_Your objective:_
Transcribe the stretch of entries below from the line with "Turquoise Blue Geometric" through the line with "Data Rescue Service", exactly and with both ends included; leave out all other lines.

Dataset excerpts
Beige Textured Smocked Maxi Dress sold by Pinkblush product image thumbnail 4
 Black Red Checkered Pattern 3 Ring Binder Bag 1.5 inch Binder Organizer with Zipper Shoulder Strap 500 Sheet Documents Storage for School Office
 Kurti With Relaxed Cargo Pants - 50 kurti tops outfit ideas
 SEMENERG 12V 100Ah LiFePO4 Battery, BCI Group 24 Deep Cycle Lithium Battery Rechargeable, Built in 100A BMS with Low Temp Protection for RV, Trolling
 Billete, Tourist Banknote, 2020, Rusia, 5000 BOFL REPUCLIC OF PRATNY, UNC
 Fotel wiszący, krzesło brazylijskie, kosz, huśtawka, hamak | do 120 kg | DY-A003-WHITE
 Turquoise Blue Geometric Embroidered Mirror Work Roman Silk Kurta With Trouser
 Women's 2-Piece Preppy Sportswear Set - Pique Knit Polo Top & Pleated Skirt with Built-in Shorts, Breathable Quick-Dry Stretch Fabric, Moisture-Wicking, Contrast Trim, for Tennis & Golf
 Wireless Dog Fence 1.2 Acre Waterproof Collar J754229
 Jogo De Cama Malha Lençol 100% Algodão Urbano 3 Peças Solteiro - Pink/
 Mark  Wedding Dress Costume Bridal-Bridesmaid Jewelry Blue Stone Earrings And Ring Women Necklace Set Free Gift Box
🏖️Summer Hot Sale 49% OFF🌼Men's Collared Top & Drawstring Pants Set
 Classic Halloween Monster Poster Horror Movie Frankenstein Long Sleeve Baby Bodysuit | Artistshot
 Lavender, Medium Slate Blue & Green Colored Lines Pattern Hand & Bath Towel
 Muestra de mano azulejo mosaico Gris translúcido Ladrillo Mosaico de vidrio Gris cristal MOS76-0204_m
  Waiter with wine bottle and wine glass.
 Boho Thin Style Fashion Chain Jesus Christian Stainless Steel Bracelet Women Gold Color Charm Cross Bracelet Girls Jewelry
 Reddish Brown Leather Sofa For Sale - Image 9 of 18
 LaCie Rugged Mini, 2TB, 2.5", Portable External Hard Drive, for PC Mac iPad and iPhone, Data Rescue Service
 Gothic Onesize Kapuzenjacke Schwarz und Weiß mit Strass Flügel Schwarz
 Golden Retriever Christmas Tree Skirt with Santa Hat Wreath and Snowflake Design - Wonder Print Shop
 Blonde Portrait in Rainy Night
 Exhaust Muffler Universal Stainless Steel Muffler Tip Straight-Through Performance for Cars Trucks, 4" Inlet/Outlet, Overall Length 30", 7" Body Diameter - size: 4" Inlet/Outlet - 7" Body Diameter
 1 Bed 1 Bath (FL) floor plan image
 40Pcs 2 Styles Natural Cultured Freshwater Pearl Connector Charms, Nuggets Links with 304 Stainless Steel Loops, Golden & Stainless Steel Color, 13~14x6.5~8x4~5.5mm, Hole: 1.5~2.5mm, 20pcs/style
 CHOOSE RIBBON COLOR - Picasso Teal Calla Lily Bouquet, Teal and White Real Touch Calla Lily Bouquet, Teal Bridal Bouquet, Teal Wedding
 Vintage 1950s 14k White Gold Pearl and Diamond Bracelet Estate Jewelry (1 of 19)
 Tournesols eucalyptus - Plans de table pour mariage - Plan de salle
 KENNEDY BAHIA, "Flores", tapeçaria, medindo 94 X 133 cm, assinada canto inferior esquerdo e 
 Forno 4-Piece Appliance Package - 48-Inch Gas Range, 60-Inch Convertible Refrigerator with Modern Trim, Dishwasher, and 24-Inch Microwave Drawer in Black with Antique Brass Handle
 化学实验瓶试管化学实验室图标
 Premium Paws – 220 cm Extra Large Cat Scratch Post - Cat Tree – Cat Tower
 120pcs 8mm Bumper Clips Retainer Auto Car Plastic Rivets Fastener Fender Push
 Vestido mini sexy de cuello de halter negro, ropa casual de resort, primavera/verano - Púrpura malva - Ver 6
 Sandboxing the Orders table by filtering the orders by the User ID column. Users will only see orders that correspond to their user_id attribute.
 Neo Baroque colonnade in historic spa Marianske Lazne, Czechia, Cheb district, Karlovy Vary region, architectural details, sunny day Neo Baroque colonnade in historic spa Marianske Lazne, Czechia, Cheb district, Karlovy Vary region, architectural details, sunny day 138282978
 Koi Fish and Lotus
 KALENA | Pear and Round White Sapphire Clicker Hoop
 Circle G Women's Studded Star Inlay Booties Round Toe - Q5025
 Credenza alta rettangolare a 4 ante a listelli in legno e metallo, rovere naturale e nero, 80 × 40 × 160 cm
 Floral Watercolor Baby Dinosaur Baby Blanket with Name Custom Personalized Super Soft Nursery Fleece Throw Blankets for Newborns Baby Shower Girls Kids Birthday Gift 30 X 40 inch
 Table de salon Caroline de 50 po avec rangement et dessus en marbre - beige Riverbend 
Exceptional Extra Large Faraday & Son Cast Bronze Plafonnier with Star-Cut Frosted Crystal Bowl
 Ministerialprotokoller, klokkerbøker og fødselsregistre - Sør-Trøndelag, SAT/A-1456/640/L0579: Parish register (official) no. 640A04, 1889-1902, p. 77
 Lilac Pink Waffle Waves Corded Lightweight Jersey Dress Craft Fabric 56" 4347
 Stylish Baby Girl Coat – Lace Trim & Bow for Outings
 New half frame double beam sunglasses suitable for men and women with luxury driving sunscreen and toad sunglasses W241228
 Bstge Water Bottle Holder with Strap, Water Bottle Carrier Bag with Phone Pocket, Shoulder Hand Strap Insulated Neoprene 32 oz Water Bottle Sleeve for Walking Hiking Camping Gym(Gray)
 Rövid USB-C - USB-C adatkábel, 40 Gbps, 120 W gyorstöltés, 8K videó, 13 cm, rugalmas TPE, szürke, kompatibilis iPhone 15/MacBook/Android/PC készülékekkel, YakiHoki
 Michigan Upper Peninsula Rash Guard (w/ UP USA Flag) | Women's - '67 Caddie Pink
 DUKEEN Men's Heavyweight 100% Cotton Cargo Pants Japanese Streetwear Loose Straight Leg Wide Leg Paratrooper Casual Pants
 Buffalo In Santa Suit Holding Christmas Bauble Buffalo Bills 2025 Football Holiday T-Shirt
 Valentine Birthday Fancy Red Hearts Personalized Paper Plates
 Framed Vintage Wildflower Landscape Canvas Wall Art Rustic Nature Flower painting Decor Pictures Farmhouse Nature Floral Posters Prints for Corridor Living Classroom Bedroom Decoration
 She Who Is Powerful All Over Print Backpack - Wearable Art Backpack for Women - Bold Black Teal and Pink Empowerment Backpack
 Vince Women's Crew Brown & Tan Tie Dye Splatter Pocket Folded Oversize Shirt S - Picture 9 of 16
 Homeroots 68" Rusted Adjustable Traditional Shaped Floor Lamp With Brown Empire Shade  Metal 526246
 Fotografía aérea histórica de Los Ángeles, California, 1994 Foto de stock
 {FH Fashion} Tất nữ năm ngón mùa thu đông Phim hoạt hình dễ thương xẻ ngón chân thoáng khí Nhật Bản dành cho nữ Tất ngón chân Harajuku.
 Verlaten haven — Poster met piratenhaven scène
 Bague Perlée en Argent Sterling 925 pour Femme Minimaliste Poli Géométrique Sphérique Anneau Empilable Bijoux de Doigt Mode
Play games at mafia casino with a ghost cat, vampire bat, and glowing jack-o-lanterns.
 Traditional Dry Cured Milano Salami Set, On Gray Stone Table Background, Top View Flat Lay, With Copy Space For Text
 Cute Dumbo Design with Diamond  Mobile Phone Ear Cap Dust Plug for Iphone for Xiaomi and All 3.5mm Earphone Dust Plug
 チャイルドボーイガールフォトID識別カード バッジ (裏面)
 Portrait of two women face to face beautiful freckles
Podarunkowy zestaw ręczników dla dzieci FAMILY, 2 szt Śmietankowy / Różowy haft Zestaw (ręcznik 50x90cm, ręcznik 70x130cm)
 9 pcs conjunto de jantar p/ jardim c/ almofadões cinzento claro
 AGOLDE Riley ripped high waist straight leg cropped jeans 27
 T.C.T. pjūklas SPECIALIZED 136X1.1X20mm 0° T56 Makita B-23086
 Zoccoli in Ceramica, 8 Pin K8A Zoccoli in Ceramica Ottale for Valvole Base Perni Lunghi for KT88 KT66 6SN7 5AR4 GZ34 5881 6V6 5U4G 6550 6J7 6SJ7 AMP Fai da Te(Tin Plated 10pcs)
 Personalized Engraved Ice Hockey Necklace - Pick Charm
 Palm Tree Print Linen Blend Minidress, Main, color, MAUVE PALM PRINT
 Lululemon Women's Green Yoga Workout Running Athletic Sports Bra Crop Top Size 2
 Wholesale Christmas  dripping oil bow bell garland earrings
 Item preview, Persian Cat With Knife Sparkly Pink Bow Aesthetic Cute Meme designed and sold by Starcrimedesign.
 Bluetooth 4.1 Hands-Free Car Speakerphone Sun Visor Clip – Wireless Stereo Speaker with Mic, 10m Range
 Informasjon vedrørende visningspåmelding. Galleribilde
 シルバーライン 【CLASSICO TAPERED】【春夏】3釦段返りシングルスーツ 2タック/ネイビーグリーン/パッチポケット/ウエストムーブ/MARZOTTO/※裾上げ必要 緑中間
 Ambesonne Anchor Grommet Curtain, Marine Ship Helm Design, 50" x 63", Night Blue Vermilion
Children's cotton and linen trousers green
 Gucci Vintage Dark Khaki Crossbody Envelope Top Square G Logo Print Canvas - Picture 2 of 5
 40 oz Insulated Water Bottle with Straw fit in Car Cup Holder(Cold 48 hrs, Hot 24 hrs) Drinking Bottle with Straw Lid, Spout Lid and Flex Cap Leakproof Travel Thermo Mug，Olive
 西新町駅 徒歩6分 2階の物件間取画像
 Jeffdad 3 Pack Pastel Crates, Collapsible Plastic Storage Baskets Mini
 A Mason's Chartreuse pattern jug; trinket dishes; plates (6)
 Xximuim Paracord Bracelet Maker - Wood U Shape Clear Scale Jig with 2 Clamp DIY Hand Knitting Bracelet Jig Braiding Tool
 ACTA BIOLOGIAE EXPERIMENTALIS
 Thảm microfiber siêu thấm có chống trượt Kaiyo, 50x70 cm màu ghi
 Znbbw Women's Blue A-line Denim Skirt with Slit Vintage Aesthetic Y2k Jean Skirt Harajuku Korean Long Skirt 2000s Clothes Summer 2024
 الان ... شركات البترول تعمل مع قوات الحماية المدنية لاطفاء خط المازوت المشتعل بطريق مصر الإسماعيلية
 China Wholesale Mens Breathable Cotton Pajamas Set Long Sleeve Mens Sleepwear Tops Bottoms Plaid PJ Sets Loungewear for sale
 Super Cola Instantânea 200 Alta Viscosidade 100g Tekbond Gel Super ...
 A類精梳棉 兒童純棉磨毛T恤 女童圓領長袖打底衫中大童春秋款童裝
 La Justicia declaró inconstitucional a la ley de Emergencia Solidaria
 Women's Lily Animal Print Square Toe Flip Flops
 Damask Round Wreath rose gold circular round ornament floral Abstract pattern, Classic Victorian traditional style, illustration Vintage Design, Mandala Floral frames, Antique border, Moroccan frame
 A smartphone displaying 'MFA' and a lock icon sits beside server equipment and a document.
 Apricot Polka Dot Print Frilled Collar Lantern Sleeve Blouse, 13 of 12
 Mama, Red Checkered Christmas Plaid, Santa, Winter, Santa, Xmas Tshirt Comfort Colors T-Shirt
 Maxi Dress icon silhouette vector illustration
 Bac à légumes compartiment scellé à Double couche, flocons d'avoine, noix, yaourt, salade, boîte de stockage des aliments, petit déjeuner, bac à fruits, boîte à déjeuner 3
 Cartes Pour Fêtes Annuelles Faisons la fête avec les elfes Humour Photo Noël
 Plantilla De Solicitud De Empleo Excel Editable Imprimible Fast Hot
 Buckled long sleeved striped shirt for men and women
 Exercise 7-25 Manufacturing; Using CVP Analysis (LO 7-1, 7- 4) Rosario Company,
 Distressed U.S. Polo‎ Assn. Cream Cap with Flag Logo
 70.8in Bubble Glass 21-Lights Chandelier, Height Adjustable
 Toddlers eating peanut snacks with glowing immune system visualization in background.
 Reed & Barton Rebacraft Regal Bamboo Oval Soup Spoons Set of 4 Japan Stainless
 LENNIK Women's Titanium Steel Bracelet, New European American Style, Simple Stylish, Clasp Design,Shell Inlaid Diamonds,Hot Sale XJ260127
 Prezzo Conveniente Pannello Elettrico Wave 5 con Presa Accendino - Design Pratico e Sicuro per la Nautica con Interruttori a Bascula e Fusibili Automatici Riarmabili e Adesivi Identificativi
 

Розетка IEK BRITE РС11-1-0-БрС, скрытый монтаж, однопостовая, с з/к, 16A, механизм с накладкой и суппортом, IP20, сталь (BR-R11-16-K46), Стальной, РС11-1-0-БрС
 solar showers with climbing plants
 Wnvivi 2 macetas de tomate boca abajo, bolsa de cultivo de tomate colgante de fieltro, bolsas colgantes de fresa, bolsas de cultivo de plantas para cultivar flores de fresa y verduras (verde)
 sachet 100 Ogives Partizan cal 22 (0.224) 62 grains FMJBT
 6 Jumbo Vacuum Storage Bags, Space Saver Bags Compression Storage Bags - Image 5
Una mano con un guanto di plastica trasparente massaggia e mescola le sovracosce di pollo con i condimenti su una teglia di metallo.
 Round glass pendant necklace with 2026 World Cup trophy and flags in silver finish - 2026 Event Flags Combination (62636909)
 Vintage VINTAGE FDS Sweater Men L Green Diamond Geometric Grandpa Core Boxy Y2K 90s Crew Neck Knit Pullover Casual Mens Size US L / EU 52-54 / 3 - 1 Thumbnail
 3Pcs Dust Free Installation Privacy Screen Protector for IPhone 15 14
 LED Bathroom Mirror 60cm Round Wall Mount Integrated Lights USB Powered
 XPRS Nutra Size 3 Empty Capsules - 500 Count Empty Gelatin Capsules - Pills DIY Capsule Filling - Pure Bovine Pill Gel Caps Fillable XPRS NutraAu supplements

_Solution for this exercise:_
 Turquoise Blue Geometric Embroidered Mirror Work Roman Silk Kurta With Trouser
 Women's 2-Piece Preppy Sportswear Set - Pique Knit Polo Top & Pleated Skirt with Built-in Shorts, Breathable Quick-Dry Stretch Fabric, Moisture-Wicking, Contrast Trim, for Tennis & Golf
 Wireless Dog Fence 1.2 Acre Waterproof Collar J754229
 Jogo De Cama Malha Lençol 100% Algodão Urbano 3 Peças Solteiro - Pink/
 Mark  Wedding Dress Costume Bridal-Bridesmaid Jewelry Blue Stone Earrings And Ring Women Necklace Set Free Gift Box
🏖️Summer Hot Sale 49% OFF🌼Men's Collared Top & Drawstring Pants Set
 Classic Halloween Monster Poster Horror Movie Frankenstein Long Sleeve Baby Bodysuit | Artistshot
 Lavender, Medium Slate Blue & Green Colored Lines Pattern Hand & Bath Towel
 Muestra de mano azulejo mosaico Gris translúcido Ladrillo Mosaico de vidrio Gris cristal MOS76-0204_m
  Waiter with wine bottle and wine glass.
 Boho Thin Style Fashion Chain Jesus Christian Stainless Steel Bracelet Women Gold Color Charm Cross Bracelet Girls Jewelry
 Reddish Brown Leather Sofa For Sale - Image 9 of 18
 LaCie Rugged Mini, 2TB, 2.5", Portable External Hard Drive, for PC Mac iPad and iPhone, Data Rescue Service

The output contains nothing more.